- _THE PROBLEM_
The lines to extract begin at the line that contains "Foto 1 de Apartamento" and run through the last line of the listing; reproduce them exactly, minus any pictures.
(DATASET CONTENT Opens)
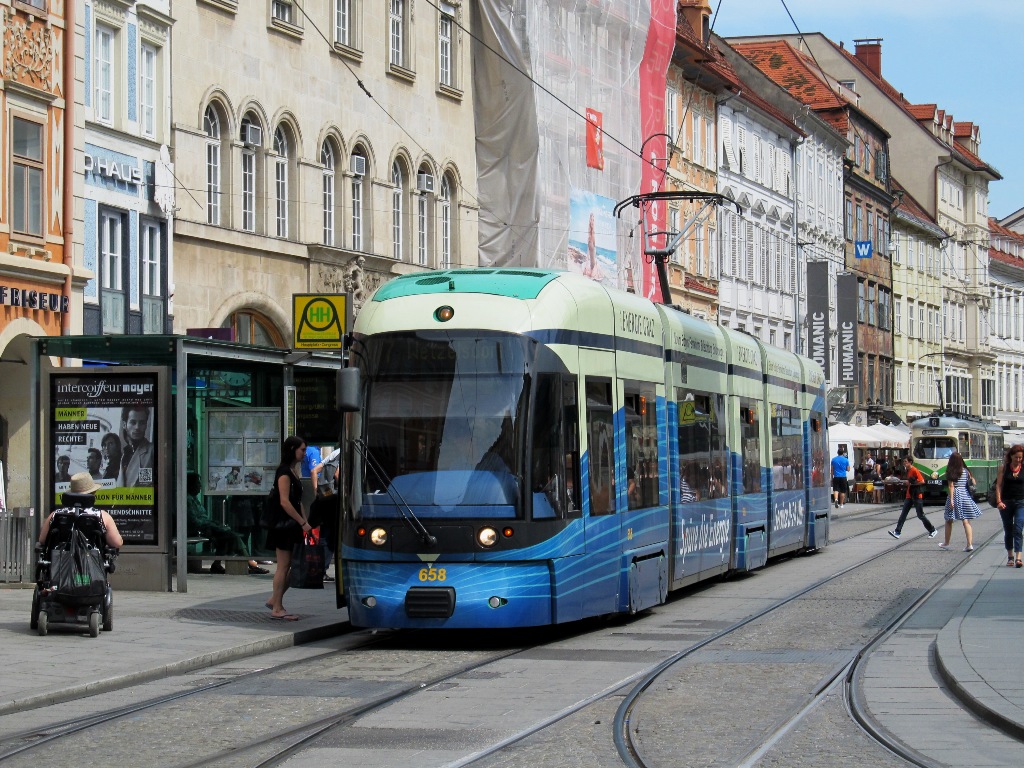 Грац, Bombardier Cityrunner № 658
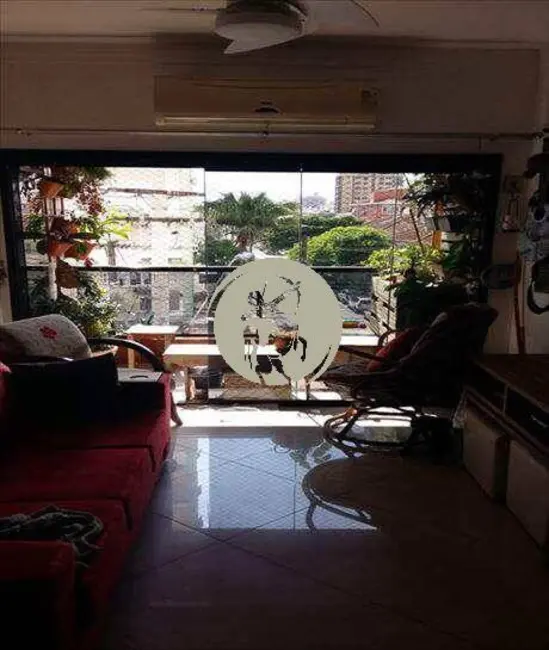 Foto 1 de Apartamento com 3 quartos à venda, 105m2 em Boqueirão, Santos - SP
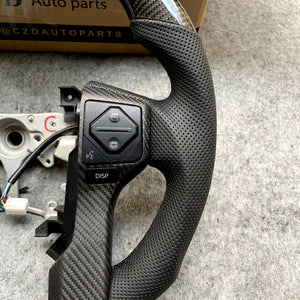 CZD-Toyota Tundra/Tacoma 2013/2014/2015/2016/2017/2018/2019/2020 carbon fiber steering wheel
(DATASET CONTENT Closes)
- _EXPECTED ANSWER_
 Foto 1 de Apartamento com 3 quartos à venda, 105m2 em Boqueirão, Santos - SP
 CZD-Toyota Tundra/Tacoma 2013/2014/2015/2016/2017/2018/2019/2020 carbon fiber steering wheel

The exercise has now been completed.